Herkese merhabaa! Nasılsınız? Beni sorarsanız şu sıralar biraz başım sıkışık ancak ona rağmen bu turla ilgilenmek,alıntılar yapıp yorum girmek ve en önemlisi okumak beni çok mutlu ediyor.Fakat belirttiğim gibi vaktim olmadığından bu yorum maalesef kısa bir yorum olacak. Uzatmadan konuya geçiyorum.

-ilk kitabı okumayanlar için spoiler içerir

İlk kitabın sonunda bildiğiniz gibi Melek,Marco'nun onunla birlikte olma sebebinin sadece anahtar olduğunu düşünür ve bu yüzden ayrılırlar. Kitap Melek ve Marco'nun birbirlerinden uzaktayken hayatlarına devam etmesini anlatıyor başlarda. İkisi de bunu başarmakta her ne kadar zorlansa da birbirlerinden uzak durmakta kararlılar. Günün birinde Melek'in dünyasını değiştiren bir not geliyor ona. Marco'nun tanıdığı birinden gelen bu not sonucunda Marco ile yüz yüze gelen Melek,cevaplara sadece notun sahibinden ulaşabileceğini öğreniyor. Marco'nun da sorularının cevapları aynı kişide olduğundan o kişiyi ve cevapları bulmak için beraber bir yolculuğa çıkıyorlar,hem de ne yolculuk ama!

-spoiler bitti

İlk kitabın 100 sayfasında falan sıkıldığımı söylemiştim,aynı şey bu kitap için de birazcık geçerli oldu diyebilirim.Belki de bunun nedeni benim şu sıralar yoğunluktan herhangi bir şeye odaklanamamamdır,bilemiyorum.Fakat kitap sonradan bir açıldı ki! Belirli bir bölümden sonra kitap oldukça heyecanlanıyor ve elinizden bırakamıyorsunuz.

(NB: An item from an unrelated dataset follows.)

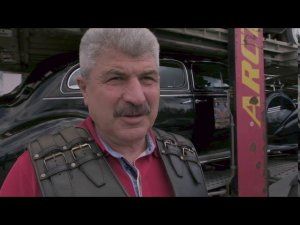 Ночные Волки Дикая Дивизия везут ретро-автомобили в Севастополь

Karakterlere gelince; Melek'in o masumluğunu gerçekten seviyorum.Marco'nun o tehlikeli havasıyla güzel bir kontrast oluşturuyorlar.Ancak benim favorim Alvino! Aman Allah'ım bu nasıl bir müthişlik! Esra ile aralarında geçen diyalogları okurken gülümsemeden duramadım resmen,çok fena destekliyorum bu çifti! :D

Karakterlerin bir önceki kitaptan bu yana değişim geçirdiklerini anlayabiliyoruz. Melek hala masum bir tarafa sahip olsa da çok daha güçlü,aynı şey Esra için de geçerli.Alvino pek değişmemiş ancak artık o sırılsıklam aşık! Ve bu onu çok ama çok tatlı yapıyor ^_^ En büyük değişim ise Marco'da tabii ki. Geçen kitapta Marco'yu sevmediğimi söylemiştim çünkü gerçekten ama GERÇEKTEN çok katıydı! Katı insanları sevmiyorum ya,hele ben de Melek gibi konuşkan,cıvıl cıvıl bir insan olduğum için hiç anlaşamam öyle insanlarla.Fakat bu kitapta Marco'nun o ketum tarafının törpülendiğini çok rahat bir şekilde hissedebiliyorsunuz,ve açıkçası ben bu Marco'yu daha çok sevdim ^_^

Yazarın dili akıcı fakat bence öncelikle biraz alışmak gerekiyor diline.Yanlış anlamayın,ilk kitapta da dili beğenmiştim bu kitapta da beğendim ancak sanırım dile alışmak için bir 40-50 sayfa okumak gerekiyor.Zaten sonra dil sizi içine çekiyor ve oldukça keyif alarak okuyorsunuz.

Kitap genel olarak beğendiğim bir kitap oldu.Başlarında sıkılsam da sonradan gerçekten büyük merakla okudum ve ilk kitaptan daha çok beğendiğimi rahatlıkla söyleyebilirim.